As a result, we are improving our outlook for full year Adjusted EBITDA from
being flat to up 3% (as reported in the last quarter) to being up about 5% as
compared to 2006."

    Operational and Financial Summary:

    Revenue for the third quarter of 2007 was $220.1 million as compared to
$234.3 million for the third quarter of 2006, a decrease of $14.2 million or
6.1%. Revenue decreased as a result of significantly lower shipments of meat
and poultry products as a result of the Recall. Case-equivalent volumes
decreased by 21.6% as a result of the Recall, and were essentially the same
for both quarters for seafood products. Improved U.S. tuna revenues, led by
strong albacore tuna sales and continued growth of ready-to-eat and pouched
tuna products, offset some of the meat and poultry product revenue lost as a
result of the interruption to the business stemming from the Recall.
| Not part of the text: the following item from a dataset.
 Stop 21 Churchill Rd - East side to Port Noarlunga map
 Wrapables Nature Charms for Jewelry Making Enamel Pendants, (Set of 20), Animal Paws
The
Operating Companies' market shares for tuna and many other seafood products in
both the U.S. and Canada improved as compared to the third quarter of 2006.
    Net earnings increased $4.0 million to $14.3 million, or $0.28 per unit
(basic) for the third quarter of 2007 from $10.3 million, or $0.20 per unit
(basic), for the third quarter of 2006 as a result of the absence of
restructuring charges for the third quarter of 2007 as compared to           
$2.4 million in restructuring charges for the third quarter of 2006 and a
decrease in the income tax provision.

    EBITDA increased by $0.7 million to $24.4 million, or 3.0%, from EBITDA,
as adjusted to exclude restructuring charges and an insurance gain, for the
third quarter of 2006 of $23.7 million. For the first nine months of 2007,
adjusted EBITDA increased to $66.0 million from $61.9 million, up 6.5%, from
the comparable period in 2006.

    Standardized Distributable Cash and Distributable Cash

    In the second quarter of 2007, we began to measure and report on
Standardized distributable cash, a new measure of distributable cash
recommended by the Canadian Institute of Chartered Accountants.
    Standardized distributable cash for the 12 months ended September 29, 2007
was C$54.6 million or C$1.06 per unit (diluted), resulting in a standardized
distributable cash payout ratio of 106.0%, with Recall costs and capital
expenditures for a new ERP system offsetting reduced distributions as a result
of the suspension of distributions announced in August 2007. Distributions in
excess of standardized distributable cash for the twelve months ended
September 29, 2007 were paid from cash flows from operations, as capital
expenditures were financed, in part by new borrowing.
    We have defined "distributable cash" as EBITDA less maintenance capital
expenditures, interest paid and cash taxes. Distributable cash for the third
quarter of 2007 was C$19.8 million, or C$0.38 per unit (diluted), compared to
distributable cash of C$18.4 million, or C$0.36 per unit (diluted) for the
third quarter of 2006, an improvement of 7.6%. The payout ratio for the third
quarter of 2007 was 29.2%, and reflected the suspension of distributions for
August and September, as compared to a payout ratio 94.3% for the third
quarter of 2006.
    Excluding the Recall charges, adjusted distributable cash for the twelve
months ended September 29, 2007 was C$77.4 million or C$1.50 per unit
(diluted), resulting in an adjusted distributable cash payout ratio for the
twelve months ended September 29, 2007 of 74.8%. The payout ratio for the
12 months ended September 29, 2007 reflected the suspension of distributions
for August and September 2007.

    Other Financial Highlights

    As of September 29, 2007, consolidated debt was $263.7 million, resulting
in a twelve-month leverage ratio of 2.9x, which is in compliance with the
Fund's senior debt facilities credit agreement, as amended September 27, 2007.
    During the three and nine months ended September 29, 2007, the Operating
Companies invested $4.4 million and $15.5 million, respectively, in property,
plant, equipment (including a $2.5 million payment for the new ERP platform
which had been accrued at December 31, 2006), and, in the first quarter of
2007 made a $6.1 million investment for a minority position in a tuna
processing business headquartered in Thailand. These investments were financed
primarily from cash from operations and additional borrowing.
    Inventory balances decreased from $304.9 million as of September 30, 2006
to $259.2 million at September 29, 2007, a decrease of $45.7 million as a
result of high albacore inventories in 2006, an initiative to reduce working
capital investment, and valuation allowances related to the Recall.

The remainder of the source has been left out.